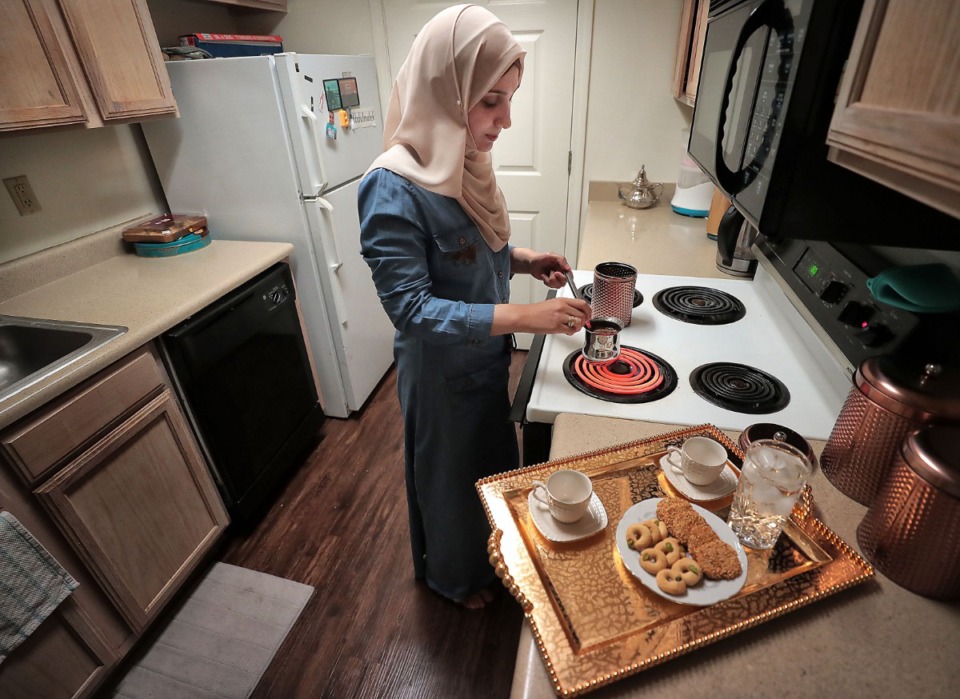 <strong>Walaa Labash makes coffee on Aug. 14, 2019, at the Lakeland apartment where she lives with her family. Walaa and her husband Mohammad Almasalma left Syria at the start of that country's civil war, and over the course of a decade have lived in three different countries, with a child born in each.</strong> (Jim Weber/Daily Memphian)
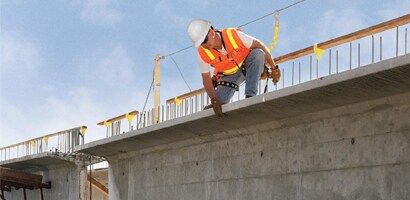 Worker on edge of concrete structure connected to lifeline

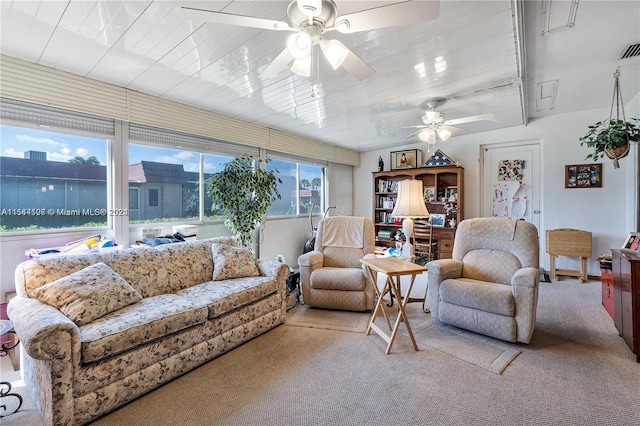 carpeted living room with ceiling fan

## What needs to be done:
Copy out every line above without change, dropping the pictures.

## Expected answer:
 <strong>Walaa Labash makes coffee on Aug. 14, 2019, at the Lakeland apartment where she lives with her family. Walaa and her husband Mohammad Almasalma left Syria at the start of that country's civil war, and over the course of a decade have lived in three different countries, with a child born in each.</strong> (Jim Weber/Daily Memphian)
 Worker on edge of concrete structure connected to lifeline

 carpeted living room with ceiling fan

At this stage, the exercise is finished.